### Dataset records
* * * * *

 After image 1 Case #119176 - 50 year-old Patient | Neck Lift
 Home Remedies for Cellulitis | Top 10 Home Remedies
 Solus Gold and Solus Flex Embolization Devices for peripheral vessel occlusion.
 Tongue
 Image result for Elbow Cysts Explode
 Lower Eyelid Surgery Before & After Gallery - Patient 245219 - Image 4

* * * * *

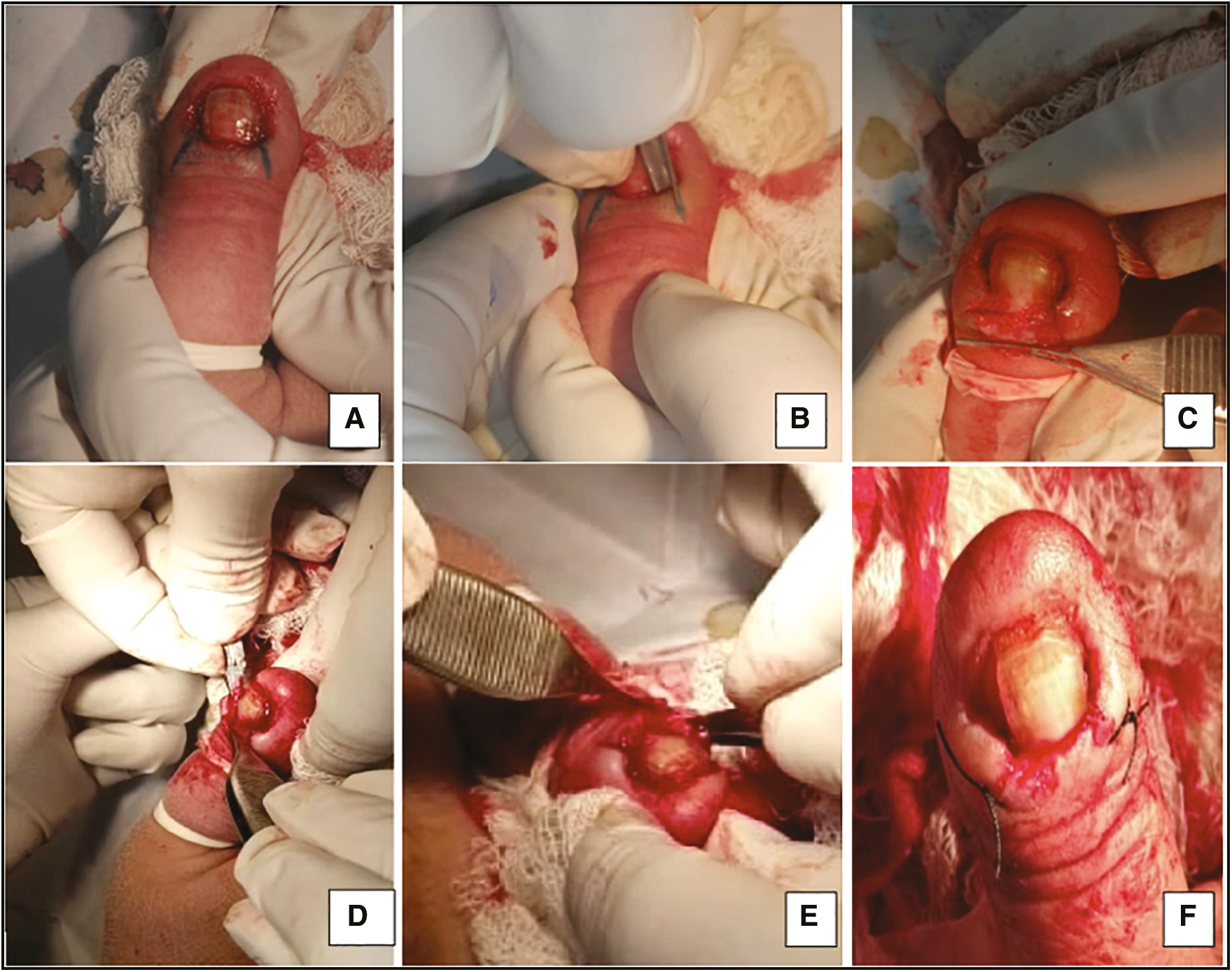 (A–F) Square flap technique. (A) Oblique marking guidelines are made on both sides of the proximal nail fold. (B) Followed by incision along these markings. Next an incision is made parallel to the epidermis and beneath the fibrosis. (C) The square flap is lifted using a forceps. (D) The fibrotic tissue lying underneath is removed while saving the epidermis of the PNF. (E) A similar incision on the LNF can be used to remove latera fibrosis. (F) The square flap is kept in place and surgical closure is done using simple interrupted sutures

* * * * *

### What you have to do
Please give an exact copy of the lines above, beginning with the line containing "After image 1" and running through the line containing "Lower Eyelid Surgery", and of no other lines.

### Result
 After image 1 Case #119176 - 50 year-old Patient | Neck Lift
 Home Remedies for Cellulitis | Top 10 Home Remedies
 Solus Gold and Solus Flex Embolization Devices for peripheral vessel occlusion.
 Tongue
 Image result for Elbow Cysts Explode
 Lower Eyelid Surgery Before & After Gallery - Patient 245219 - Image 4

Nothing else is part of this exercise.